“They act like Shiwanna,” Cloud people, Keres say of the society chiefs performing their winter solstice ceremony…
When Hümi dies, he will join Cloud. The Rain society chiefs of Zuni probably are thought of as joining the Uwanami, the water spirits whose houses are the cumulus clouds. War chiefs become Lightnings, most potent of rain spirits. When Giwire died, the Shikani-Kurena shaman of Laguna, a thunderstorm was raging. “The Shiwanna, the storm spirits, have taken him,” said his glad people.2 Similarly at Cochiti if it rain after a death people will say of the deceased, “He is already a Shiwanna; he brings us rain.”3 At Taos “those who always believe,” the upright and good chiefs, men who perish in the mountains, * and suicides become Lightnings or Cloud beings.

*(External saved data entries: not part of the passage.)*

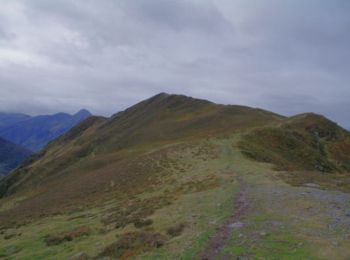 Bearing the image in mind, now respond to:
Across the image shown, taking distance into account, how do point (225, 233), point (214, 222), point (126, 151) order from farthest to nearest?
point (126, 151)
point (214, 222)
point (225, 233)

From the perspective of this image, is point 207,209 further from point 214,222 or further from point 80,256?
point 80,256

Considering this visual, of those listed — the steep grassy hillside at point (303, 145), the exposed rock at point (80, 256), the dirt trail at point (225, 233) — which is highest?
the steep grassy hillside at point (303, 145)

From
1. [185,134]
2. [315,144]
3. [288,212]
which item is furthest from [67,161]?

A special class of deceased rain-makers are the enemy dead who through scalp ceremonial are taken into the tribe and by prayer converted into rain-makers (Zuni). “Though in his life the enemy [Navaho] was a worthless lot, now through the Corn priests’ [Rain chiefs’] rain prayers and seed prayers, he has become a rain person.”4
But the dead at large may be associated with the Cloud beings. The Hopi say in haranguing the dead, “You are no longer a Hopi, you are Cloud. When you get yonder you will tell the chiefs to hasten the rain clouds hither.”5
[#33] Pueblo: Elsie Clews Parsons, Pueblo Indian Religion. Chicago: University of Chicago, 1939, pg. 171.